Welcome to the Farmers Weekly series putting country couples in the spotlight in a bid to work out what makes rural relationships tick. Here we put the questions to Andrew Oram and Hannah Sutcliffe, who met in June 2012.
What are your recollections of how/where you met?
It was a two-hour drive to meet Hannah after meeting her on Muddy Matches, so I was just glad she turned up, albeit a nervous 45 minutes late!
Smuggling our way into a National Trust property (accidentally of course!).
What do you like most about your other half?
Her backside and her ability to make a bloody good sandwich on demand.
His backside and how understanding he is of my ditzy moments.
How would describe their personality?
Hannah is a breath of fresh air, full of life and happiness.
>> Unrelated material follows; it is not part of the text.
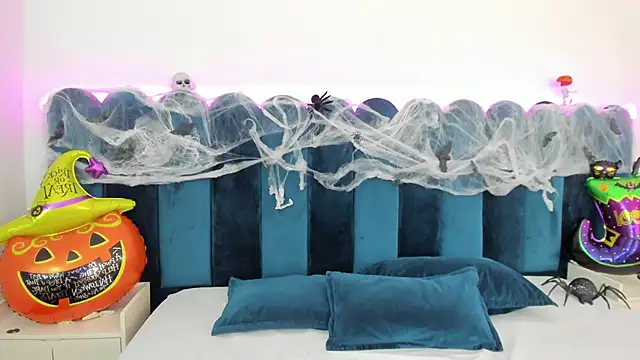 AnnyCherry  online show from 10/29/25, 11:39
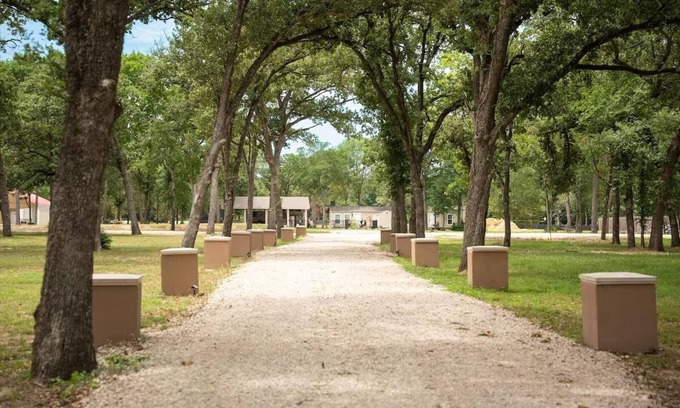 Waller Maison | ADA Compliant Cargo Home No. 13 Lantana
Thoughtful, laid-back and a much-needed calming influence on a very giddy Northerner!
And their dress sense?
All very sensible except the denim dress that horrified me… and that was while it was still on the hanger.
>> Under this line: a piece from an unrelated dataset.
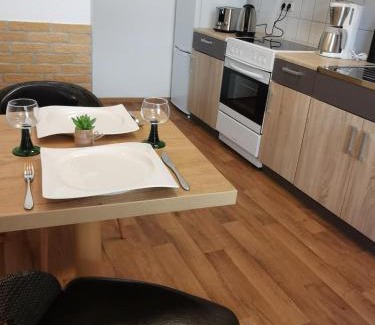 Friedland Appartement | Haus am Eichenwall, Fewo1, Residenz + Ferienwohnungen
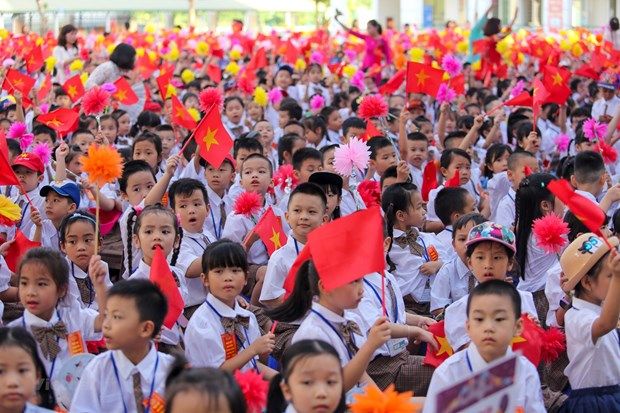Kết luận của Bộ Chính trị tiếp tục thực hiện đổi mới căn bản, toàn diện giáo dục và đào tạo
Pretty good. Usual farmer staples: checked shirt, big boots. Not so sure about the white trousers, though.
And if you could change one thing about them what would it be?
Stop her being so clumsy – she dropped the same bottle seven times on our first date.
Nothing. He’s perfect!
Whatís the highlight of your time together?
Too many to mention! Although, taking Hannah home to Yorkshire for my first Christmas away from home and nailing victory at “Farm-opoly” is worth a mention!
Giggles in the tractor, long walks and getting to know my best friend.
What’s the most annoying habit?
Making a mess of the butter dish.
Taking his shirts and jumpers off as one item then either leaving them on the floor or folding them up and putting them away like this. Infuriating.
What’s the secret to a good relationship?
Talk about everything and have no secrets.
Laughter and being able to tell each other anything.
Are rural people more romantic than urban ones?
I couldn’t tell you, I’ve never been out with a townie.
Of course. Flowers and fine dining are overrated… it’s all about make-shift passenger seats in items of farm machinery.
When you can’t imagine your life without it.
You don’t know until you have it, then you can’t explain it.